Value-Theoretic Orthodoxy: Crises are the inevitable result of capitalist class relations that can not be ameliorated by institutional reforms. Institutions can basically be ignored.
Institutionalist Orthodoxy: Crises are the inevitable result of capitalist class relations that can not be ameliorated by institutional reforms. Nonetheless, the analysis of concrete institutions should not be ignored.
The Pendulum: Statist types of capitalism run into problem that lead to the adoption of “liberalized” forms which run into problems that lead to the adoption of Statist types…and so on and so on. (I hate attaching names here because I’m not doing anyone justice but I first heard the gist of this idea advanced by Rick Wolff).
Political Instability of Golden Age Capitalism: Golden Age institutions and regulations are economically sustainable, but not politically sustainable. Capitalists (or the “bad” rentier or financial classes) can be reined in, but they will eventually work to undermine and eliminate the regulations they dislike.
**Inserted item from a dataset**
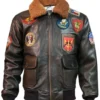 Top-Gun-B3-Bomber-Flight-Pilot-Brown-Shearling-Fur-Jacket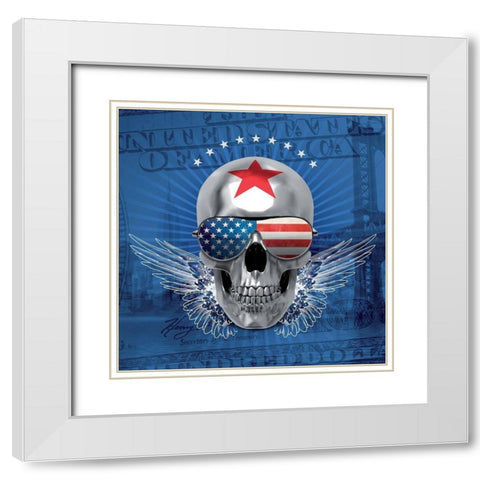 Skull White Modern Wood Framed Art Print with Double Matting by BRAUN Studio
To be blunt, I’m quite unsure where I stand on this. I get the feeling everyone else is convinced about their position, although I suspect some of this certainty is premised on shaky grounds. I’m far from proud of my indecision. As I mentioned above, this is something I’ve thought about for almost a decade. And for a decade, it always felt like a debate one should have a position on. At best, I think there are arguments I’m less unconvinced by…
Feel free to school me on how I’m ignorant and this debate was “clearly resolved,” or suggest alternatives to the orientations I’ve listed. Remember, the descriptions are meant to be simple sketches so if you recognize yourself in one of them and feel caricatured and dismissed, please do not take offense.
 It is an odd coincidence that I have now linked to three David Kotz papers in less than a month. This is no offense to David, but I don’t link to articles often so three links is quite a bit. Undoubtedly, with his sense of humor, he would recognize this as some attempt to gain favor prior to asking something of him in his role as my graduate program director.